Suppose again that our random experiment is to perform a sequence of Bernoulli trials \(\bs{X} = (X_1, X_2, \ldots)\) with success parameter \(p \in (0, 1]\). Recall that the number of successes in the first \(n\) trials \[ Y_n = \sum_{i=1}^n X_i \] has the binomial distribution with parameters \(n\) and \(p\). In this section we will study the random variable that gives the trial number of the \(k\)th success: \[ V_k = \min\left\{n \in \N_+: Y_n = k\right\} \] Note that \(V_1\) is the number of trials needed to get the first success, which we now know has the geometric distribution on \(\N_+\) with parameter \(p\).

### The Probability Density Function

The probability distribution of \(V_k\) is given by \[ \P(V_k = n) = \binom{n - 1}{k - 1} p^k (1 - p)^{n - k}, \quad n \in \{k, k + 1, k + 2, \ldots\}\]

## Proof

Note that \(V_k = n\) if and only if \(X_n = 1\) and \(Y_{n-1} = k - 1\). Hence, from independence and the binomial distribution, \[ \P(V_k = n) = \P(Y_{n-1} = k - 1) \P(X_n = 1) = \binom{n - 1}{k - 1} p^{k - 1}(1 - p)^{(n - 1) - (k - 1)} \, p = \binom{n - 1}{k - 1} p^k (1 - p)^{n - k} \]

The distribution defined by the density function in (1) is known as the negative binomial distribution; it has two parameters, the stopping parameter \(k\) and the success probability \(p\).

In the negative binomial experiment, vary \(k\) and \(p\) with the scroll bars and note the shape of the density function.

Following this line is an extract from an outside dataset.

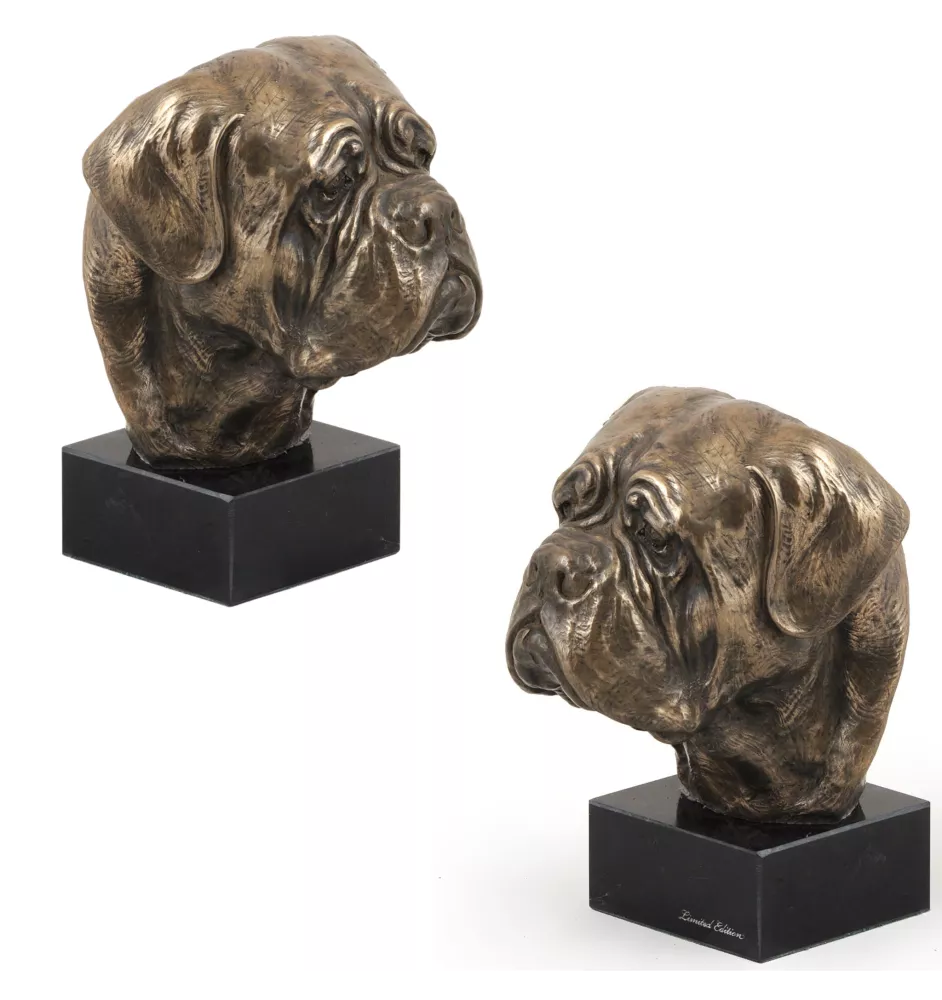 Bordeauxdogge, Dogue de Bordeaux - Hundestatue, Büste auf Steinsockel, Skulptur, Trophäe für Hundeausstellung der Marke Art-Dog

For selected values of \(k\) and \(p\), run the experiment 1000 times and compare the relative frequency function to the probability density function.

The binomial and negative binomial sequences are inverse to each other in a certain sense.

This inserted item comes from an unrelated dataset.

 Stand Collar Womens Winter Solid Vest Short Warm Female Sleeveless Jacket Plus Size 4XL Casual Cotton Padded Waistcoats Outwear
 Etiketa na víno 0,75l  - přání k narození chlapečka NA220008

For \( n \in \N_+ \) and \( k \in \{0, 1, \ldots, n\} \),

- \( Y_n \ge k \iff V_k \le n \) and hence \( \P(Y_n \ge k) = \P(V_k \le n) \)
- \(k \P\left(Y_n = k\right) = n \P\left(V_k = n\right)\)

## Proof

- The events \( \left\{Y_n \ge k\right\} \) and \( \left\{V_k \le n\right\} \) both mean that there are at least \( k \) successes in the first \( n \) Bernoulli trials.
- From the formulas for the binomial and negative binomial PDFs, \( k \P(Y_n = k) \) and \( n \P(V_k = n) \) both simplify to \( \frac{n!}{(k - 1)! (n - k)!} p^k (1 - p)^{n - k} \).

In particular, it follows from part (a) that any event that can be expressed in terms of the negative binomial variables can also be expressed in terms of the binomial variables.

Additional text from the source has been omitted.